You can choose whether to take IELTS on paper or IELTS on computer, where both are available. This is a personal choice – the content of the tests and the value of the scores are identical. If choosing IELTS on computer, you need to have done some IELTS on computer practice tests and be familiar with the system functionality and keyboard shortcuts (e.g., CTRL+ C). IELTS has several videos you can review to familiarize yourself with the computer test.
You should also know where you are starting from (your current language level) and be realistic about the study time needed to improve your language skills to get the score you need.
Being familiar with the format of IELTS is an essential first step, including knowing the timing, the number of parts and the types of questions and task types, as it builds your confidence. Ensure you have done some IELTS practice tests before your actual test. These are available on IELTS.org. Remember to use the resources there. Doing practice tests allows you to identify the skills you need to improve to get the score you need.
In the IELTS Listening test, time is given to preview the questions before the audio starts. You need to use this time wisely to look for clues to work out who the speakers are and the context. This will help you know what to expect and give you time to use your knowledge of the world to predict the type of information you will hear. It’s also useful to underline key words in the questions and look at the gaps to predict the type of information or the type of words needed. This keeps you focused and can help reduce exam nerves.
You need relevant listening practice. Useful sources include radio and television discussion programmes, podcasts, and Ted Talks. As IELTS is a test of international English, you need to be familiar with a variety of accents including British, American, Australian and Canadian.
In the IELTS Reading test you need to deal with around 2,700 words and answer 40 questions in one hour. You should adhere to the timing, 20 minutes for each passage. It is important that you only read the parts of the texts you need to answer the questions, so reading skills, like skimming and scanning, which allow you to quickly locate the parts of the texts you actually need to read, are essential. You need to learn different strategies for different question types, and build your vocabulary.

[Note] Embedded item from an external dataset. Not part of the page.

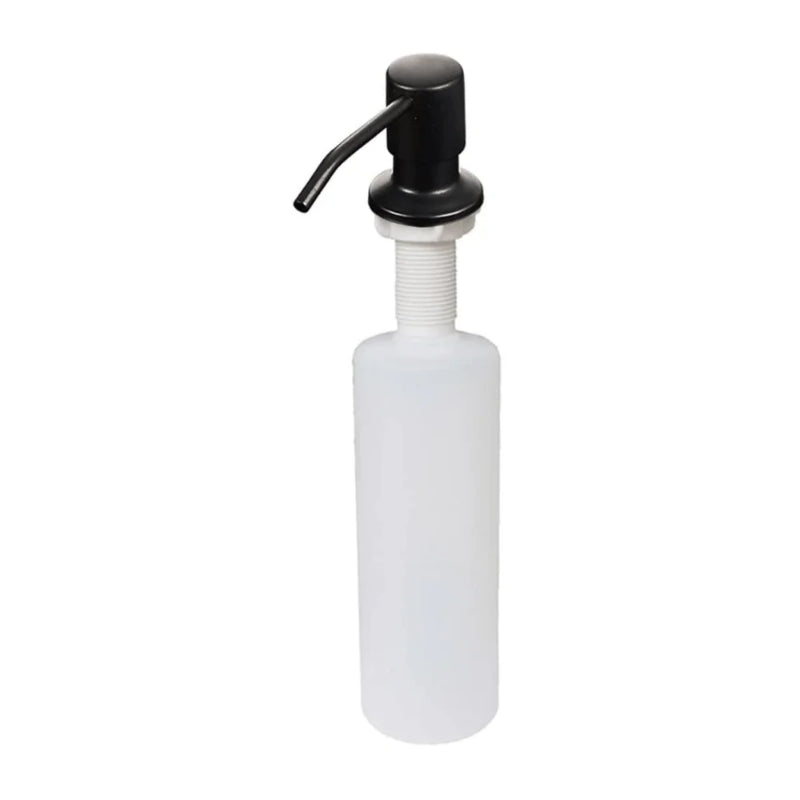Polished  countertop liquid soap dispenser pump with long spout for bathroom and kitchen sink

For IELTS Academic writing, you will need to know the format for your responses and the specific language to describe changes in graphs. A standard essay format will include a clear introduction, body paragraphs with topic sentences and a short conclusion.
For IELTS Speaking, ensure familiarity with the format and types of tasks. You need practice of all 3 parts of the Speaking test, particularly in building up gradually to the 2 minutes monologue in part 2, and working on increasing fluency and confidence. Make sure you also download the sample Speaking tasks on the site and record yourself and listen back, identifying where you need to improve.